Word for word, copy each record that comes after this.

=== Begin Enclosure ===

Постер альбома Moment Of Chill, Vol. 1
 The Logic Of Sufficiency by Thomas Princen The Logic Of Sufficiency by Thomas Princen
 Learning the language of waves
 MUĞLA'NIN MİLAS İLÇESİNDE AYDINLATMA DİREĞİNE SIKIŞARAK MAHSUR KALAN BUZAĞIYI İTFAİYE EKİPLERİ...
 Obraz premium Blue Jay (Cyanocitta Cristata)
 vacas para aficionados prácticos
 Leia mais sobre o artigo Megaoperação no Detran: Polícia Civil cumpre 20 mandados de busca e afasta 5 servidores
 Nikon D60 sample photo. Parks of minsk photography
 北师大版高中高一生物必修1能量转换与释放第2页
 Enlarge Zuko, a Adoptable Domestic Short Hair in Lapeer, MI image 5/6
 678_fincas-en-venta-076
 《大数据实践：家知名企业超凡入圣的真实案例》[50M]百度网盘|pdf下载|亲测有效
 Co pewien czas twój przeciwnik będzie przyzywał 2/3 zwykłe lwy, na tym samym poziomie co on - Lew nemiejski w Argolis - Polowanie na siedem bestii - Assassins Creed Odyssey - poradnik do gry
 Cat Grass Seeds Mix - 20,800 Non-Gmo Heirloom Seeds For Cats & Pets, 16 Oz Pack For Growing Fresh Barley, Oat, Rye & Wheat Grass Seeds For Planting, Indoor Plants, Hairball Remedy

=== End Enclosure ===

**Task output:**
Постер альбома Moment Of Chill, Vol. 1
 The Logic Of Sufficiency by Thomas Princen The Logic Of Sufficiency by Thomas Princen
 Learning the language of waves
 MUĞLA'NIN MİLAS İLÇESİNDE AYDINLATMA DİREĞİNE SIKIŞARAK MAHSUR KALAN BUZAĞIYI İTFAİYE EKİPLERİ...
 Obraz premium Blue Jay (Cyanocitta Cristata)
 vacas para aficionados prácticos
 Leia mais sobre o artigo Megaoperação no Detran: Polícia Civil cumpre 20 mandados de busca e afasta 5 servidores
 Nikon D60 sample photo. Parks of minsk photography
 北师大版高中高一生物必修1能量转换与释放第2页
 Enlarge Zuko, a Adoptable Domestic Short Hair in Lapeer, MI image 5/6
 678_fincas-en-venta-076
 《大数据实践：家知名企业超凡入圣的真实案例》[50M]百度网盘|pdf下载|亲测有效
 Co pewien czas twój przeciwnik będzie przyzywał 2/3 zwykłe lwy, na tym samym poziomie co on - Lew nemiejski w Argolis - Polowanie na siedem bestii - Assassins Creed Odyssey - poradnik do gry
 Cat Grass Seeds Mix - 20,800 Non-Gmo Heirloom Seeds For Cats & Pets, 16 Oz Pack For Growing Fresh Barley, Oat, Rye & Wheat Grass Seeds For Planting, Indoor Plants, Hairball Remedy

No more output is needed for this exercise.